Musa: Kendimi ve O’nu tanımanın yollarından birisi beyan olabilir mi? 

İşte bu düşüncelerle yoğrulduğu bir akşam Musa’ya bir fikir geldi. “Ben kimim?” sorusuna destek olması için nereden geldiğini ve nereye gideceğini çizerek anlamayı denedi. Kalem ile Elif’e benzer doğrular çizerken duraksamıştı. En sade haliyle akla ilk gelen “İnnâ Lillâhi ve İnnâ İleyhi Râciûn: Biz Allah’tan geldik ve Allah’a döneceğiz” ayeti bir grafik haline getirebilir mi? 

“Yeteri kadar indirgemecelik yapıyorsun birde O’nu (c.c.) şekle mi sokacaksın?”

Aniden bir ses geldi içerden. Acaba bu soruyu soran kim di? Ona şimdilik Kahya diyelim. Ona şu şekilde cevap verdi:

Musa: Senin kim olduğunu bilemiyorum ama haklısın. Zât’ı şekle sokmak cahillik ve hadsizlik olabilir. O zaman gelmek istediğim noktayı Mutlak veya Atman diye belirlesem ve onu da bir nokta olarak sembolleştirsem? 

Kahya: Sonsuzda seyahat etmek sonsuzdur. Seni acele ettiren şey de nedir?

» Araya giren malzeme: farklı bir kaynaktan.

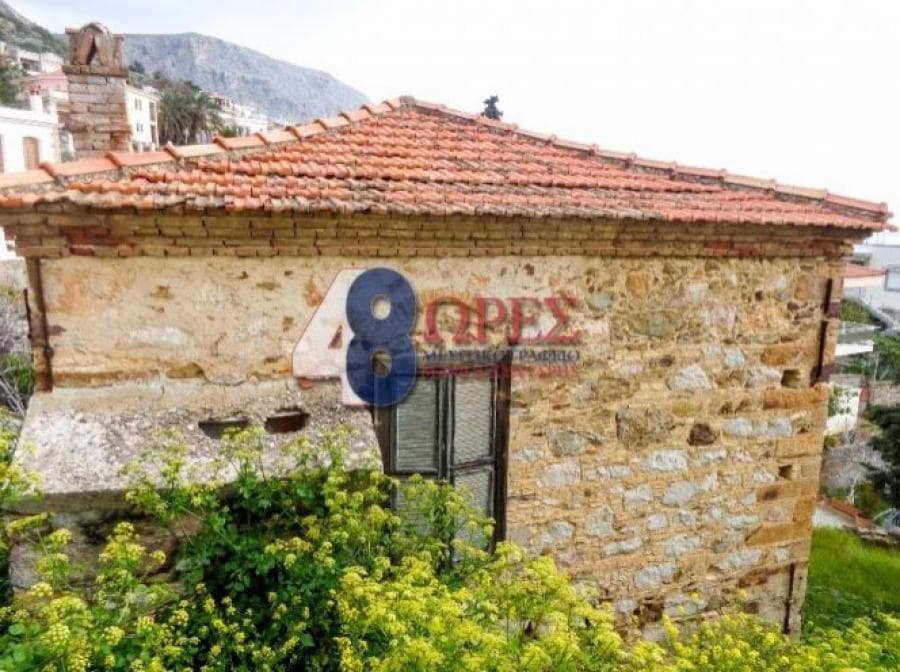 Οικόπεδο στην Πόλη Χίου, Χίος — Φωτογραφία 12 από 18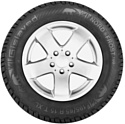 Gislaved Nord*Frost 100 205/65 R16 107/105R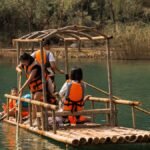 8 Patagonia River Rafting Trips That Serious Paddlers Actually Talk About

Bu dialoglardan sonra araştırmalara başladı. Nokta sembolünü ilk kez kendisi bulmuştu. Heyecanlı bir çocuk gibiydi. Çünkü geçmişte nokta ile ilgili öğrendiklerini unutmuştu ve kendine özgün bir şey bulduğunu sanmıştı. 

*Bindu / Bir nevi Atman’in sembolü. Sanskritçe’de nokta anlamına gelir. OM’un tepesindeki nokta Turiya’yı, Mutlak Gerçekliği veya Saf Bilinci sembolize eder. OM hem Yoga Sutralarında hem de Vedanta’da önerilmektedir.2

 

 

 

 

Kahya: Farklı logoslar, farklı öğretiler aynı NOKTA’ya işaret etmek zorunda mı? Yoksa sen mi herşeyi bir araya getirmeye çalışıyorsun?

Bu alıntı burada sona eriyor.